The Daily Mail campaign was known as Betrayal of the Brave, and Larisa and David’s work won Campaign of the Year at the British Journalism Awards in 2018. However, government policy in allowing interpreters to enter the UK only very slowly relaxed, so the two journalists continued to highlight the situation, which was becoming increasingly grim not only for the interpreters but also for their families, under increasing threat as the Taliban returned. Although President Biden gave notice that the US would withdraw from Afghanistan in August 2021, no prior plans were made by the UK government to evacuate vulnerable Afghans, resulting in the chaotic and traumatic events at Kabul airport which forms the climax of Larisa’s book. At present Larisa is on maternity leave from the Times (first time mother to twin boys!) but she is still in touch with the situation and filing stories.
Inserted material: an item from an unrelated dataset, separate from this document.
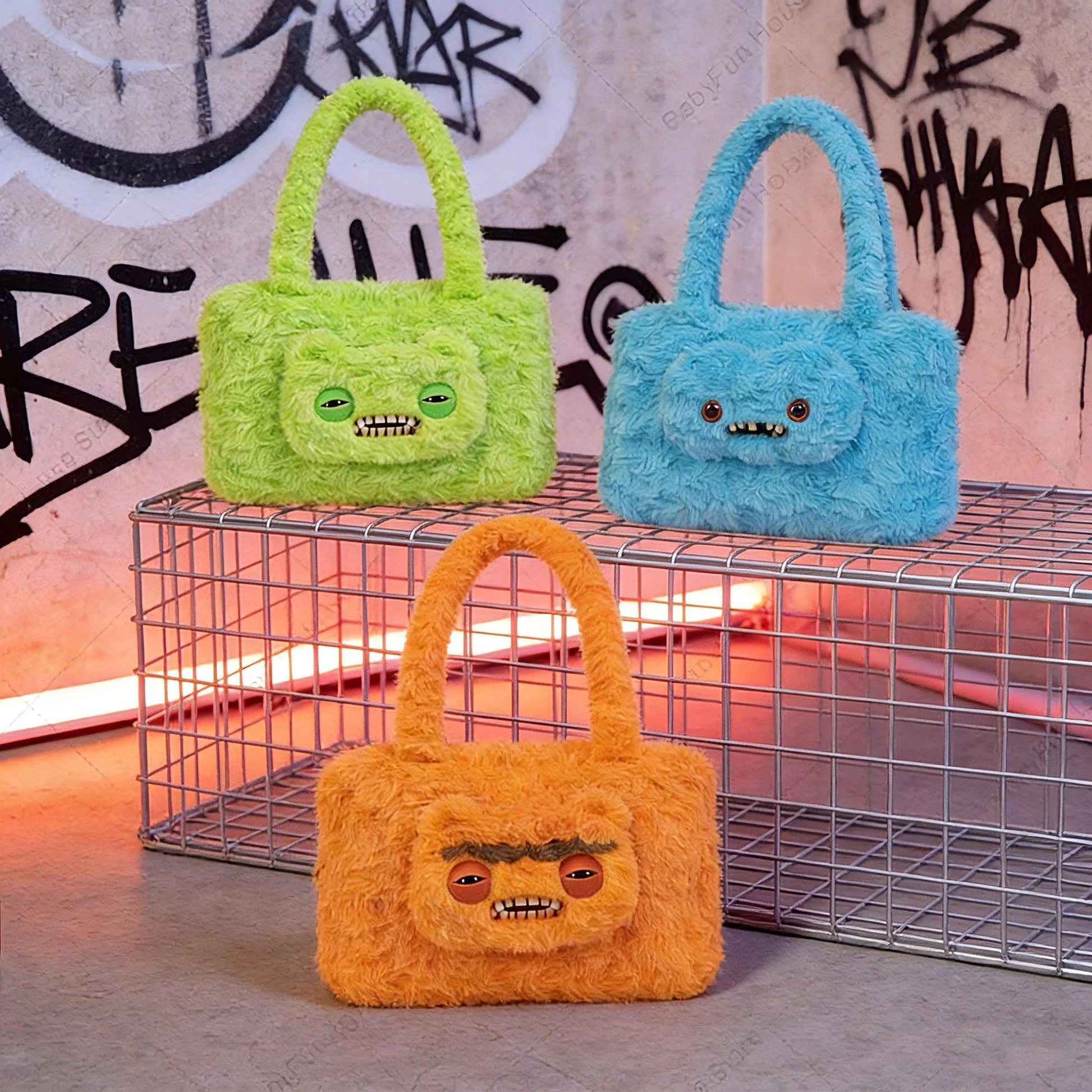 Fuggler Crossbody Bag | Wide Eyed Monster Plush | Toylandeu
“For example, there is the case of Sajid, who was able to enter the UK with his wife. His son, now three, stayed behind in Afghanistan with grandparents. Sajid recently applied for his child to join them – but the Home Office decided that Sajid didn’t earn enough as a taxi driver to care for the child, so I filed a story in the Times about his case,” Larisa revealed. Being able to influence political decisions which have a profound impact on people’s lives has become a driving force for Larisa, who believes strongly that well-researched, accountable journalism has an important place in shaping public opinion and ultimately governance.

“After his story appeared in The Times, Sajid wrote to me, ‘The Home Office have now overturned their decision. We thank you from the bottom of our hearts.’ I still get lots of people contacting me, and some have come to my house to meet my twins. One man said I had helped him because I had sent him a map which helped him reach the right gate at the airport – he called me ‘My distinguished life saver!’

“As a journalist,” she concluded, “I believe you have a moral duty to help those you can.”